▸ **WHAT NEEDS TO BE DONE**
All pictures are to be omitted while the lines starting at the line with "Oro Laminado Pendant" and ending at the line with "woman with curly" in the material below are retyped exactly, both ends included.
*** INPUT RECORDS ***
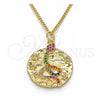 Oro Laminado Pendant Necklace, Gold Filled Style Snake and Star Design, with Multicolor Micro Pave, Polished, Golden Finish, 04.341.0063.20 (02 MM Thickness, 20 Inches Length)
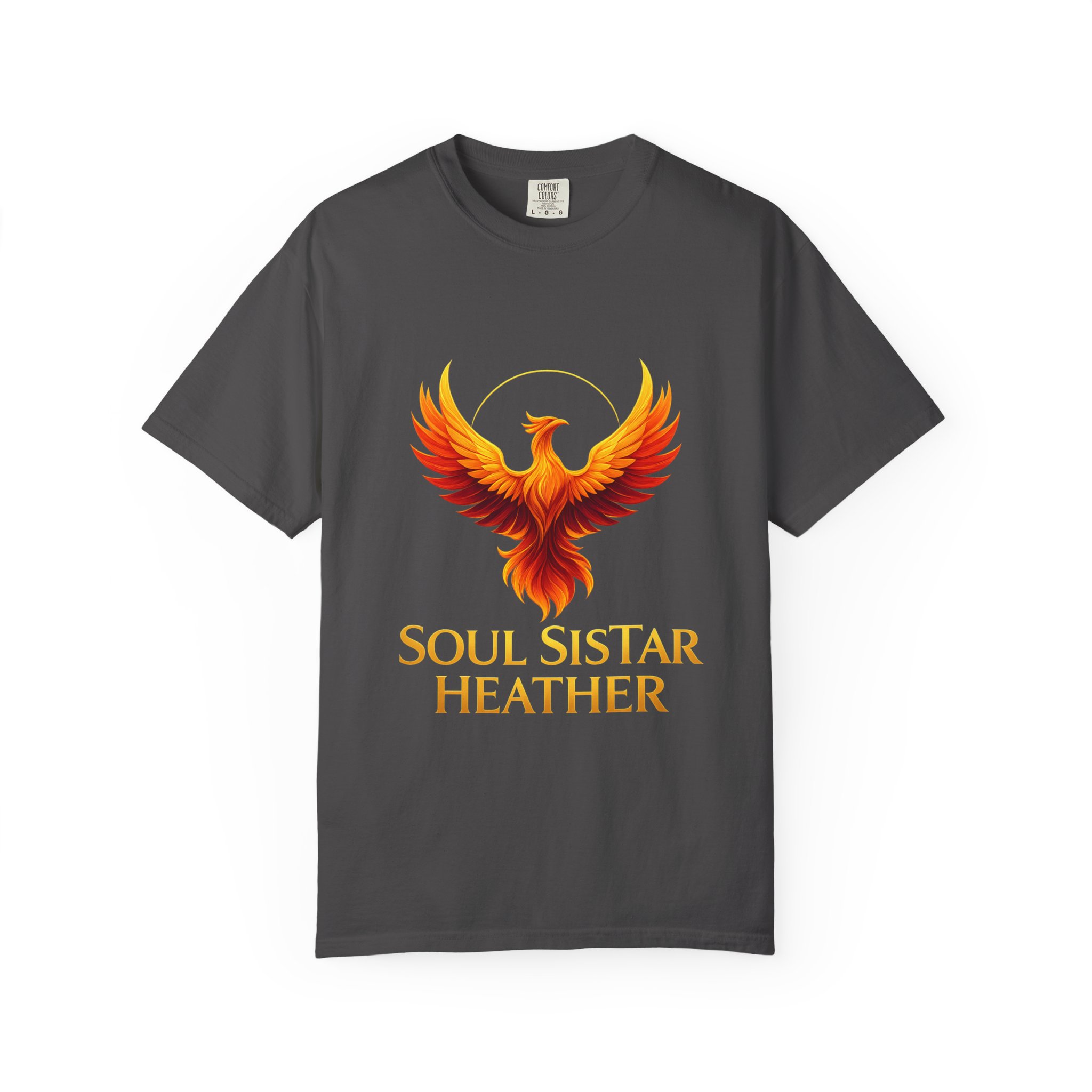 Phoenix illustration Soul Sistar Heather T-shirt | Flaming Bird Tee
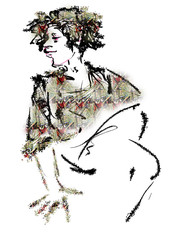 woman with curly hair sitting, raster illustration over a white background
*** End of INPUT RECORDS ***
*** INPUT RECORDS ***
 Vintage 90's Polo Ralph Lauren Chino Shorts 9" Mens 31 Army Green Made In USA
*** End of INPUT RECORDS ***
▸ **OUTPUT BELOW**
 Oro Laminado Pendant Necklace, Gold Filled Style Snake and Star Design, with Multicolor Micro Pave, Polished, Golden Finish, 04.341.0063.20 (02 MM Thickness, 20 Inches Length)
 Phoenix illustration Soul Sistar Heather T-shirt | Flaming Bird Tee
 woman with curly hair sitting, raster illustration over a white background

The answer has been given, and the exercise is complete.